Next stop: Andy's. He and Paul were already out by the end of the driveway, goofing around on skateboards, when my headlights swept around the corner and caught them. Paul grabbed his stuff out of the back seat and wasted as little time as possible on conversation. I think he was afraid I'd change my mind, tell him to get in the car and come home.
I was well over the limit heading back to our house, but I slowed the last half-block, looking for unfamiliar cars parked at the curb, people crouched in the bushes. I parked, locked the Civic, and scooted into the house, looking over my shoulder as I pushed the door in, expecting Rick to suddenly appear, leaping onto me like a wild beast.
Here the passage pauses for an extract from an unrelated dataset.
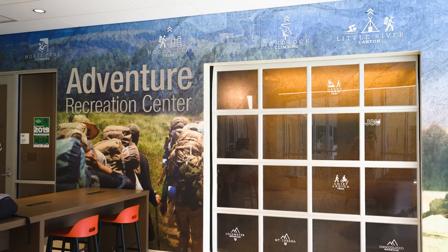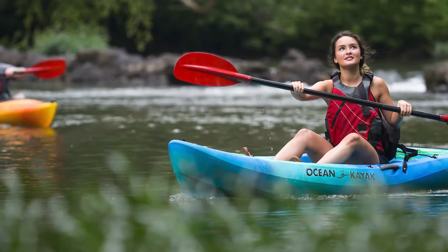The Rec Center offers outdoor adventure trips and equipment rental through their Adventure Rec Division.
But he wasn't there, and once I was inside I threw the deadbolt. And stopped, holding my breath, listening for sounds. Was he back in the house somehow? As someone who worked for Valley Forest Estates, did he have some sort of master key? Could he get into any house he wanted, any time he wanted?
All I could hear was the blood pounding in my temples. I shouted, "I know you're here, asshole! And that cop's back, right out front! So if you're smart, you'll get the hell out!"
Nothing.
Tentatively, I moved into the house, turning on every light switch I passed. The broadloom, with its upgraded underpadding, allowed me to roam about noiselessly. I peeked into the kitchen, the living and dining rooms, the family room where we watched TV. Then I eased the door of my study open, my crumbled Robot still on the carpet. So far, no guests.
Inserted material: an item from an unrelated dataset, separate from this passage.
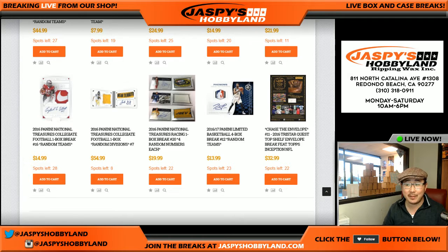Good afternoon, everyone. Joe for Jaspi's Hobbyland here. We are rocking and rolling on those one-box breaks of 2016 Panini National Treasures Collegiate Football. It's been some really cool stuff, so get into it on the website, jaspihobbyland.com. This one-box break is a divisional.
I turned the knob on the door to the ground-floor laundry room where I had stashed Stefanie Knight's purse in the washing machine. I opened the lid, worked the purse out from around the agitator, and took it back into the study. There, just as Rick had done, I dumped its contents out onto the floor, just beyond the range of Robot debris. On my hands and knees, I started sorting.
I put the envelopes to one side. Ditto for makeup items, tampons, car keys, change, expired coupons.
And my eyes settled on the black plastic film canister. I gave it a shake to see that it wasn't empty. A roll rattled inside. I popped the gray plastic lid off and dumped the roll into the palm of my hand.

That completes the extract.